5848 Text Mining in Action: Early Alerting of Disease Outbreaks from Online Media

Saturday, February 18, 2012: 1:30 PM
Ballroom A (VCC West Building)
Nigel Collier , National Institute of Informatics , Tokyo, Japan
Accurate and timely detection of infectious disease outbreaks is necessary to help support risk assessment and ultimately to save lives and livelihoods. In recent years information technology and in particular the Internet have revolutionised disease surveillance.  As the volume of multi-media information increases so too does the potential to capture reports of disease outbreaks so that they can be acted upon close to source by public health agencies.

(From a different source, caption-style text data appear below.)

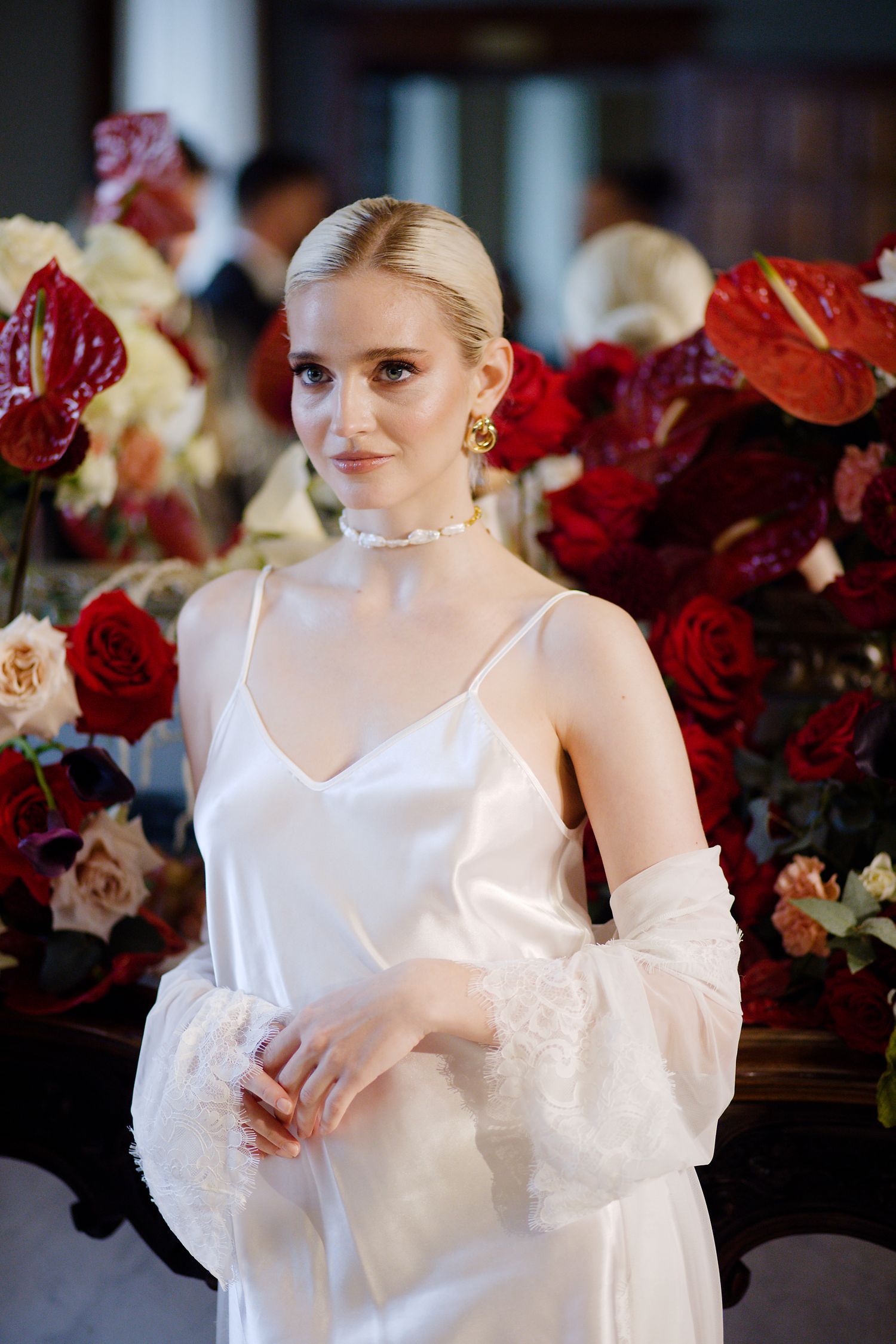 Elegant bridal look featuring silk dress and statement jewelry against backdrop of red roses.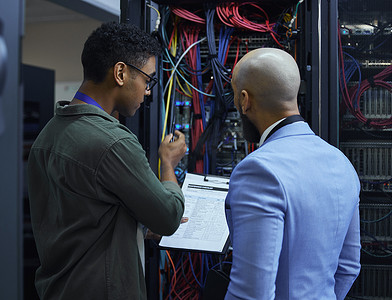 Explaining the ins and outs. two male IT support agents working together in a dark network server room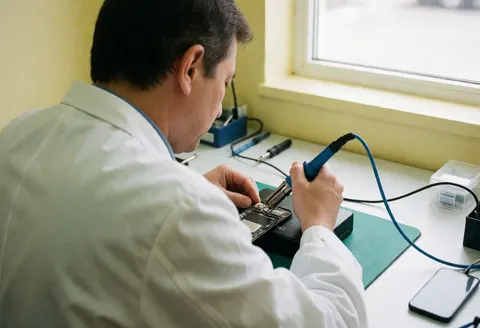 Close-up of a technician using a soldering iron to repair a mobile phone circuit board on a workbench with tools and natural lighting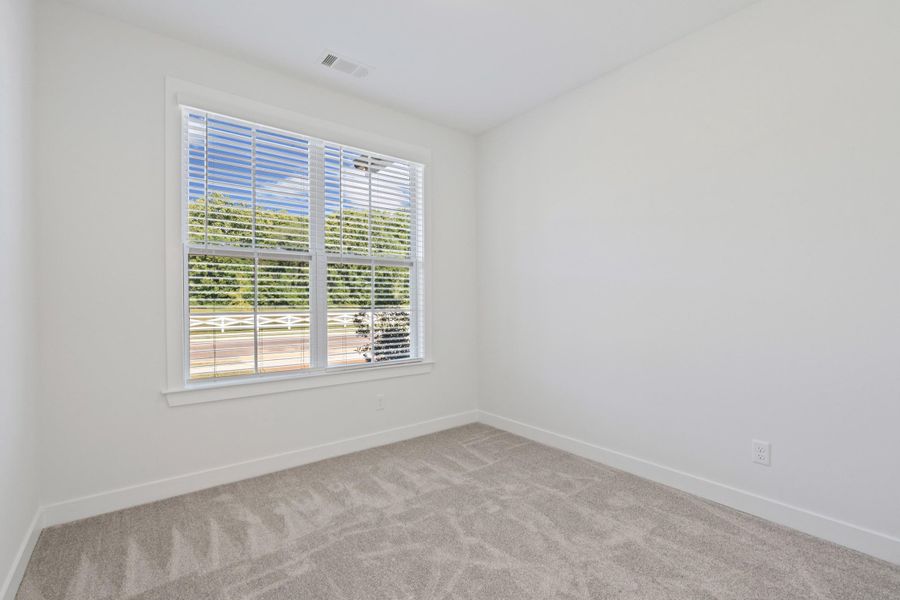 Neutral carpeting, white wall paint, and a window with horizontal blinds Neutral carpeting, white wall paint, and a window with horizontal blinds
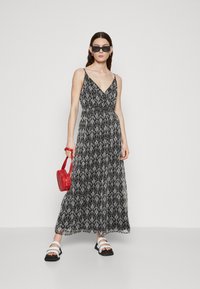 Rochie maxi cu model alb și negru, cu decolteu în V și bretele subțiri, din țesătură texturată, asortată cu o poșetă roșie și sandale albe.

The BioCaster project was begun in 1996 at the National Institute of Informatics in Tokyo and provides fully automated 24/7 online public notification about events of interest in the world’s electronic media. Currently BioCaster surveillances over 300 health conditions in 12 languages across tens of thousands of news sources and is in regular use by international and national public health agencies as well as international travellers and the public at large. From a research perspective our goal has been to conduct systematic evaluations that have enabled us to select the best suite of algorithms and knowledge resources for the task. This has enabled us to make freely available the first multi-lingual public health ontology, a flexible rule engine as well as a collection of texts for open benchmarking. These resources can be readily incorporated into applications which meet public health needs.

The DIZIE project was launched in 2010 aiming to harness individual health reports for syndromic awareness in the vastly expanding social media space such as Twitter. Both BioCaster and DIZIE exploit state of the art text mining technology for high throughput fact extraction to detect statistical event anomalies in near real time.

Moving forward we are now working on several challenge areas: (1) integrating evidence across documents and media types, (2) providing realistic benchmarks for evaluation, and (3) fine grained geo-coding of place names.